▶ **BRIEF**
When you reach the line with "Gemütlicher Behandlungsraum bei" in the listing below, transcribe it and each line after it up to and including the line with "Habitación en calle de Félix Latassa, 31", exactly and with nothing else.

▶ **SUPPLIED MATERIAL**
○ ○ ○ ○ ○ ○ ○
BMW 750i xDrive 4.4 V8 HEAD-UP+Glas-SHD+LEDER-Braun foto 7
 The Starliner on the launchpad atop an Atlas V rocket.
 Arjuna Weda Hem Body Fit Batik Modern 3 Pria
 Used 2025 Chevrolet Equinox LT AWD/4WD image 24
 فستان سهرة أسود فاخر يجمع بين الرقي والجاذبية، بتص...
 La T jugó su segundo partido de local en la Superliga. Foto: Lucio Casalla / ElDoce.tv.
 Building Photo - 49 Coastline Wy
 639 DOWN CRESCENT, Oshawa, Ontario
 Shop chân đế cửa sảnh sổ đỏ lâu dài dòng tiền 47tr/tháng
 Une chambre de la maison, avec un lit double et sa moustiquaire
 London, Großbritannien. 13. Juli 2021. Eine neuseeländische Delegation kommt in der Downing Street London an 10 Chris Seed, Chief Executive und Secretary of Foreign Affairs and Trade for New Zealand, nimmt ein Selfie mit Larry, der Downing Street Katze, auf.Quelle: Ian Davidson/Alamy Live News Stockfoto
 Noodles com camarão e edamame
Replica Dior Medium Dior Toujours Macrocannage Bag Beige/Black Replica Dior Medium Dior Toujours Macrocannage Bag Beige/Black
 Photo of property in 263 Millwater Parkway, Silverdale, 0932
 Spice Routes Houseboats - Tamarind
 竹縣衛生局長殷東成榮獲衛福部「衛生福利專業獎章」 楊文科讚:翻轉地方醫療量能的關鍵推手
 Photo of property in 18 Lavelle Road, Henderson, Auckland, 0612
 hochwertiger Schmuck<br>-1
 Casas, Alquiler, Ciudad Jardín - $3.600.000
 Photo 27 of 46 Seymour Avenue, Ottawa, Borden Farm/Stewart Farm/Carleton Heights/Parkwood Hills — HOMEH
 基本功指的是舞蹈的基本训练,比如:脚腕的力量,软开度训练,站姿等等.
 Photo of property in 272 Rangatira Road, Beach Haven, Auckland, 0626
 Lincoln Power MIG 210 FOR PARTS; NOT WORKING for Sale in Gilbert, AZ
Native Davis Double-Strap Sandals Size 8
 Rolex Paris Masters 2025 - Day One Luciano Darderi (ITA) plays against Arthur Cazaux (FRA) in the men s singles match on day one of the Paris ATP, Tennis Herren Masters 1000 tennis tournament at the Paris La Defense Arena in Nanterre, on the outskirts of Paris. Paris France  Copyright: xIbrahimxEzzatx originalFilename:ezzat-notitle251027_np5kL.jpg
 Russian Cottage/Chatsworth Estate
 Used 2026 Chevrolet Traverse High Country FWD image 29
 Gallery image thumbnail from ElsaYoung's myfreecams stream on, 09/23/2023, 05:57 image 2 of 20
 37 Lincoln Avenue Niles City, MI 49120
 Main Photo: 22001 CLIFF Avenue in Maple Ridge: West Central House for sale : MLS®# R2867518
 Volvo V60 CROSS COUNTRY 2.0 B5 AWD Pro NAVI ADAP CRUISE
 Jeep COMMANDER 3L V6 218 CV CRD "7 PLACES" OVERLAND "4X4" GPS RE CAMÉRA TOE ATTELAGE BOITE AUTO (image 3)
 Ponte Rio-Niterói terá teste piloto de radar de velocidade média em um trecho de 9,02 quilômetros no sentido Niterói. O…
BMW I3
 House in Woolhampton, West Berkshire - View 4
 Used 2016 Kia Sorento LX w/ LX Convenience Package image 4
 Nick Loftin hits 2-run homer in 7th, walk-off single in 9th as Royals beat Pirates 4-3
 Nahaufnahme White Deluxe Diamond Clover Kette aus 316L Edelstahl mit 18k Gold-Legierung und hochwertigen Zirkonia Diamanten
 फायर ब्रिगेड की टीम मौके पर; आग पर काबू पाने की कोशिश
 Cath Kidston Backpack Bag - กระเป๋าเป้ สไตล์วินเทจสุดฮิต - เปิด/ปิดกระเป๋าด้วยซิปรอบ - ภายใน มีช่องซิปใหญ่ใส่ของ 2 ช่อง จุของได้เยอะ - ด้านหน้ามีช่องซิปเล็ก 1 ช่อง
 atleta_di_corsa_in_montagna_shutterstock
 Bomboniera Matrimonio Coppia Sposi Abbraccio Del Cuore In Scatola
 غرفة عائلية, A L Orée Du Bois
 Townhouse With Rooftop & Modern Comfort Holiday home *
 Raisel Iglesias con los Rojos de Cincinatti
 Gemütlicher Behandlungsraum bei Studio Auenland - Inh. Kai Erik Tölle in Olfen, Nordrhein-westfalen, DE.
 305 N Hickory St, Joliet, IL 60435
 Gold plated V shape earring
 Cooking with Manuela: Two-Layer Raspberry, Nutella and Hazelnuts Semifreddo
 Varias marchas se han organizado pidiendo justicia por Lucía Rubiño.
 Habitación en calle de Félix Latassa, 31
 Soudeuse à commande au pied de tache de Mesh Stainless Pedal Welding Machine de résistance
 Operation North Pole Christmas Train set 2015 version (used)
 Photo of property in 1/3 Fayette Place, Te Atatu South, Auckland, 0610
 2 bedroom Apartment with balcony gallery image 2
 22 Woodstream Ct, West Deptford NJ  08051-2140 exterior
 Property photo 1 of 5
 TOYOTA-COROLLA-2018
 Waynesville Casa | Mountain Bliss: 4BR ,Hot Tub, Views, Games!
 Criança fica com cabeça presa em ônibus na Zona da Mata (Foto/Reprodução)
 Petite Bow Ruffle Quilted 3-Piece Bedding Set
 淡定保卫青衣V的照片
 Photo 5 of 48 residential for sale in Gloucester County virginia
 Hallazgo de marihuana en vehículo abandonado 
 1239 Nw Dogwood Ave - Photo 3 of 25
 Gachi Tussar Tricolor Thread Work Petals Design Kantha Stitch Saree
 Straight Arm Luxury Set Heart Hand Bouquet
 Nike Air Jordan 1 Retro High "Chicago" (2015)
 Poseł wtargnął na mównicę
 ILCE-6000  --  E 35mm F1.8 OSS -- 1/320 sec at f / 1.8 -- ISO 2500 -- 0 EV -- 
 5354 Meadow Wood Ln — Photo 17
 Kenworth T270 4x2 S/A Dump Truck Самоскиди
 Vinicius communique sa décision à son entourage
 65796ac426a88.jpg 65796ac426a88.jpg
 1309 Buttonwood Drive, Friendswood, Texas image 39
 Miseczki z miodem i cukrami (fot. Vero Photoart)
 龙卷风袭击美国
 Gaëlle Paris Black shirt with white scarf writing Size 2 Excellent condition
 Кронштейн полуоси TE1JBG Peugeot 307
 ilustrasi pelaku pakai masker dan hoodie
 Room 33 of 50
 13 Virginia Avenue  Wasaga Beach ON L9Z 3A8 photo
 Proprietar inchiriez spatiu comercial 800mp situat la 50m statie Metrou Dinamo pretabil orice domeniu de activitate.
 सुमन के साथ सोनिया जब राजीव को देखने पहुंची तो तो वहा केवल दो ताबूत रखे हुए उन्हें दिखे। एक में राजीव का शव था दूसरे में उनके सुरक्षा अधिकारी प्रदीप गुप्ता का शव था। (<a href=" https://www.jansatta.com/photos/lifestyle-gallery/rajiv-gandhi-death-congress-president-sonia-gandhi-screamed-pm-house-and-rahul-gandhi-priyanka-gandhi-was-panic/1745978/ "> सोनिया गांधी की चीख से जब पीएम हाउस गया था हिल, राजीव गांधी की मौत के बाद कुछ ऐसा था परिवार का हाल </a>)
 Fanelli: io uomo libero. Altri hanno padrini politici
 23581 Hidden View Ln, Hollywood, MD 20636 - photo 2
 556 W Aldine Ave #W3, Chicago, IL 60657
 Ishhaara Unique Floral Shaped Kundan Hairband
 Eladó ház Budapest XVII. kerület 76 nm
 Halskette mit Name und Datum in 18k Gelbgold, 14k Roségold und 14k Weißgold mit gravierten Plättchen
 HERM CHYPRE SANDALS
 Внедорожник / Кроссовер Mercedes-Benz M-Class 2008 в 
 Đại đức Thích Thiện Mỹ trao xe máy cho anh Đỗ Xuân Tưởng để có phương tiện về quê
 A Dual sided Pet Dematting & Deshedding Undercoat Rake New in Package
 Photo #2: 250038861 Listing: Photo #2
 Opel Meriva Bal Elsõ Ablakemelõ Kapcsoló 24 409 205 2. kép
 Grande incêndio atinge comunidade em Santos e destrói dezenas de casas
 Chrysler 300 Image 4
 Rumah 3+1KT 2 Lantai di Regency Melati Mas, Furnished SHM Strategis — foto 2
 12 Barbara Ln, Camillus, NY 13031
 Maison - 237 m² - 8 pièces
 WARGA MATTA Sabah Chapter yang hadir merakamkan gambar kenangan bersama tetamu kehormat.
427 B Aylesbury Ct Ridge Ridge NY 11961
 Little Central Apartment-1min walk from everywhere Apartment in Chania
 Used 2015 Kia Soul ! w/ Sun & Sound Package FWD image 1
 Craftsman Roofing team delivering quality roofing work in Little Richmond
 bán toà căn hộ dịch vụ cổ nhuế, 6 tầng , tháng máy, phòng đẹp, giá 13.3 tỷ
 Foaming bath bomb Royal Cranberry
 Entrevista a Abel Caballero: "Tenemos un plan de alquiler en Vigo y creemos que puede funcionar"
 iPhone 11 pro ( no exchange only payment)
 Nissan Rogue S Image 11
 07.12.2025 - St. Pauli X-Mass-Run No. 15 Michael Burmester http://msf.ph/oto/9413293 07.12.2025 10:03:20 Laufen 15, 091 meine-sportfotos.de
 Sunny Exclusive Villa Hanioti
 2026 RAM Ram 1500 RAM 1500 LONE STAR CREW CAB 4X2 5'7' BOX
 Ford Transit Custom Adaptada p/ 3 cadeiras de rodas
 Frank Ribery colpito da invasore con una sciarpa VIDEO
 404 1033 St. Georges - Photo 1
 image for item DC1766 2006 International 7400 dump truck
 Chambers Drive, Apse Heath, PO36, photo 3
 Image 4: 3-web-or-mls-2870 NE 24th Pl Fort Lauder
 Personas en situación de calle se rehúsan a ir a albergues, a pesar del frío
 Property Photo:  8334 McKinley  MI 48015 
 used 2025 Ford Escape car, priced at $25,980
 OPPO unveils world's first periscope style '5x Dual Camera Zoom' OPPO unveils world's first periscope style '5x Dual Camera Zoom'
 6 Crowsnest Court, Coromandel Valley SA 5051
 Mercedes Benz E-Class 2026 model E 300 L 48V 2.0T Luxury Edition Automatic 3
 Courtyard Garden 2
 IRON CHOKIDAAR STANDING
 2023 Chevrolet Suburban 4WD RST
○ ○ ○ ○ ○ ○ ○
▶ **SOLUTION TO THIS TASK**
 Gemütlicher Behandlungsraum bei Studio Auenland - Inh. Kai Erik Tölle in Olfen, Nordrhein-westfalen, DE.
 305 N Hickory St, Joliet, IL 60435
 Gold plated V shape earring
 Cooking with Manuela: Two-Layer Raspberry, Nutella and Hazelnuts Semifreddo
 Varias marchas se han organizado pidiendo justicia por Lucía Rubiño.
 Habitación en calle de Félix Latassa, 31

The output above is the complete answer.